En literatura y arte en general: será el estilo, la configuración, la forma. Ello viene siendo el producto de un individuo que (repitiendo en sí mismo aquello que lo determina y lo enmarca dentro de una sociedad específica y siendo todos, es uno) es poseedor de una serie de cabalidades que lo hacen diferente; mencionemos: el sonido de su voz (pero esta cambia con las edades), lo mismo que la manera de caminar, de sonreír, de mirar, de comer, de dormir… Todo lo que delimita y configura a un ser y que ha venido llamándose “estilo”.

Esta breve reflexión (nada nueva, por cierto) viene a mi mente al leer (después de haberla oído) la ponencia “Una actitud ante la literatura y el arte”, que Bryce Echenique presentó en Caracas.

Fue el destino el que me jugó una de sus artimañas: verme reflejada —como en un espejo empañado— en aquel ser todo nervios, todo emoción, que temblando ante sí mismo y los demás, confesaba el peor de sus pecados: ser escritor, “monstruo viviente”, “vampiro” que le chupa la sangre a la vida, no tomándola en sí misma como un fin, sino como un medio para la creación literaria.

Bryce Echenique iba mucho más allá (lo cual hacía que no me viera mucho más acá). “El escritor, afirmaba, resulta para mí un amante del artificio y un monstro, al mismo tiempo.

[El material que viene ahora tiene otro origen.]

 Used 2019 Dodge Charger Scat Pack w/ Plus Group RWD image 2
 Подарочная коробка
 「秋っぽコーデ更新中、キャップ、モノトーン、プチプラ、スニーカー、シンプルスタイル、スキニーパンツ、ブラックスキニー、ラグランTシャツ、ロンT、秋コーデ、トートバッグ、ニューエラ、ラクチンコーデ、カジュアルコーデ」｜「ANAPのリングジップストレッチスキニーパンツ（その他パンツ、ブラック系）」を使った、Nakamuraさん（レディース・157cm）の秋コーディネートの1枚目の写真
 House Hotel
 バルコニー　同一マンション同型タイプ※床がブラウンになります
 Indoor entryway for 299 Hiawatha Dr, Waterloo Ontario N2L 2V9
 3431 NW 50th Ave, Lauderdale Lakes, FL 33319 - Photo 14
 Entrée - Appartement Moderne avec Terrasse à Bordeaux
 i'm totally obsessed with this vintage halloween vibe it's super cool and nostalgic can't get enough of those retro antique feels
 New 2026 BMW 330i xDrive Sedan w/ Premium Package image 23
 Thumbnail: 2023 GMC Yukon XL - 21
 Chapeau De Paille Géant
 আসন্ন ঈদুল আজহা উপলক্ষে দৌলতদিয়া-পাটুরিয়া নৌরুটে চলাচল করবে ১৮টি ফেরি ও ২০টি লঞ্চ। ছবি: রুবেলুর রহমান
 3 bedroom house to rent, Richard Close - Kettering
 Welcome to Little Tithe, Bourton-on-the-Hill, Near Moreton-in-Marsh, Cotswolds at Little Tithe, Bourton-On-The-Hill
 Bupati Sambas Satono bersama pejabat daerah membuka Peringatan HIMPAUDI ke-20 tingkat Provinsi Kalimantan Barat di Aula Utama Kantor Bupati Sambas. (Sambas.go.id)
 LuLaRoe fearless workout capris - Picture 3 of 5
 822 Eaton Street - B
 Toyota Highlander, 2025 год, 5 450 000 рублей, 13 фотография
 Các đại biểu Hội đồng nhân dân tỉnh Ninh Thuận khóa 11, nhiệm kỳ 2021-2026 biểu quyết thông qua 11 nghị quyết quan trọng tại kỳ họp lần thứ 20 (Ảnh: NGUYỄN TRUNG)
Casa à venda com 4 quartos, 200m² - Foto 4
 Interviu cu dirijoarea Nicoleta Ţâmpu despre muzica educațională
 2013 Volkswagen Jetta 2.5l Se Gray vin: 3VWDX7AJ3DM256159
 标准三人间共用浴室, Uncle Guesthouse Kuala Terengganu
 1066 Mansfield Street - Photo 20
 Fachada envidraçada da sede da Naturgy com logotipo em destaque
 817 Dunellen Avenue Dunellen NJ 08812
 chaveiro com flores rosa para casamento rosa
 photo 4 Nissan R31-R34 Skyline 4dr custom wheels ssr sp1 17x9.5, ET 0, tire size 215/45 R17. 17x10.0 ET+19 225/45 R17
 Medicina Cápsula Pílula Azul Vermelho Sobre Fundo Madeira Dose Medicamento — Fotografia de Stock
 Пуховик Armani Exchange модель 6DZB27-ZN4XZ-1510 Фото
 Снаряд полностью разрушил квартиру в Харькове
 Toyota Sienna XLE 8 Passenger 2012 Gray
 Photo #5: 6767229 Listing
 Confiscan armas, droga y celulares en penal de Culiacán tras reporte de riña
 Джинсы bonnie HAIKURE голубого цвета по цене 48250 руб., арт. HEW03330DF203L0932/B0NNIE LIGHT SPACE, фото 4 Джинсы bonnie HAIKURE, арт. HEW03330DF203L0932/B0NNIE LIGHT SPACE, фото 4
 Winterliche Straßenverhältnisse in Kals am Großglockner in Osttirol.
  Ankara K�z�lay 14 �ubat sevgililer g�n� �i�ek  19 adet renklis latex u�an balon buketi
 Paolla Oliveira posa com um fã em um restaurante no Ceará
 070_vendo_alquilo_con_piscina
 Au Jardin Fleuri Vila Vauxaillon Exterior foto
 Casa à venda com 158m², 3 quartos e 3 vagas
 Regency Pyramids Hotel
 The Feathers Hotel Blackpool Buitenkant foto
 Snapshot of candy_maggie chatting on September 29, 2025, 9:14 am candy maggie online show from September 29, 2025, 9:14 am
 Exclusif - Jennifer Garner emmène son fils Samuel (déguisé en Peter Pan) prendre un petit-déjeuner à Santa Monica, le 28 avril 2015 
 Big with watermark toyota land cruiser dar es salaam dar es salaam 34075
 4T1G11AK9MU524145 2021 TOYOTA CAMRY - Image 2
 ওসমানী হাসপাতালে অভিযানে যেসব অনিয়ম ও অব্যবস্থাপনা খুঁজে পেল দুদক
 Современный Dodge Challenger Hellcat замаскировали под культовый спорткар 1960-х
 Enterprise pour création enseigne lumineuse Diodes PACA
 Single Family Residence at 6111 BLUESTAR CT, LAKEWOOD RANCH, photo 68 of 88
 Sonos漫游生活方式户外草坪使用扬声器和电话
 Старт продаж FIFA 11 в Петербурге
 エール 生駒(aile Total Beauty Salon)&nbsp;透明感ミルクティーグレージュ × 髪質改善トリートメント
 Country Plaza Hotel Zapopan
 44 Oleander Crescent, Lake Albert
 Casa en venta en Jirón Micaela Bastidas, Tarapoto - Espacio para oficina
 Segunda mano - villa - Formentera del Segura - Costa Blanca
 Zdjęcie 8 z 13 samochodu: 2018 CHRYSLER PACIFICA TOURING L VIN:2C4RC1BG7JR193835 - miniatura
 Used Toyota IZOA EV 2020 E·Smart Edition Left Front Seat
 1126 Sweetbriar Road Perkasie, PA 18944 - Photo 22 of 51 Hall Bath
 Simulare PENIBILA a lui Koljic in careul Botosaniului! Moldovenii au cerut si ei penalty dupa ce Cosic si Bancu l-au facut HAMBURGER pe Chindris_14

El escritor es esencialmente un mentiroso sofisticado.

Es también una especie de vampiro que viola y chupa la sangre de los seres que va encontrando en su camino, puesto que todo lo que ha observado lo utilizará tarde o temprano en sus libros…”. Todo ello dicho con voz temblorosa, manos temblorosas, mirada temblorosa.

Sentada a su lado, pues él me precedía en la lectura de ponencias, yo lo veía y me veía. Horrorizada y encantada al mismo tiempo.

Bueno, el encantamiento superaba al horror. Su temblor era más auténtico que mi serenidad. También yo había sostenido la teoría de que el escritor llega a impactarnos tanto más cuanto más enfermo esté y se sienta atraído por las tenebrosidades, el sufrimiento, el infierno.

Cerca de mí tenía a un monstruo consumado, un escritor agobiado por el sentimiento de culpa, un elegido, un enfermo que admitía que el escritor, al escapar de la vida y encerrarse dentro de los muros de su creación, era “también básicamente, un egoísta…” y que “El egoísmo se convierte en algo inevitable…”, ya que al encerrarnos en nuestro escritorio, le cerramos la puerta a la vida; por lo tanto, a los seres queridos que nos rodean.

Dejamos así “de ocuparnos de la vida; nos estaremos ocupando únicamente de una imagen, de un fantasma de la vida”.

El “monstruo” que habitaba en mí, esto es, la escritora, cobró presencia ante este alegato. Me oía cuando le oía decir que la creación literaria “…empuja al escritor a identificarse con el ángel y con el demonio, con la víctima y con el verdugo; es decir, con aquellos personajes de su obra que más admira y que más detesta…”.

Pero viendo a Bryce Echenique —que al mismo tiempo era yo y no era yo—, le compadecía y me compadecía. Él insistía en ser un vampiro; quienes lo escuchábamos no veíamos sino a un delicado ser humano, demasiado humano, que se culpaba por desempeñar el más humano de todos los oficios: el de artista, el de escritor. Que por tal culpa pedía —deshechos los nervios— ser condenado o absuelto.

Al final de la ponencia, él mismo se otorgó, sutilmente, la absolución. Para ello recurrió a las “obligaciones” no del escritor, sino “del público y la crítica ante un escritor”, verdaderos y únicos culpables del angustioso estado anímico del escritor.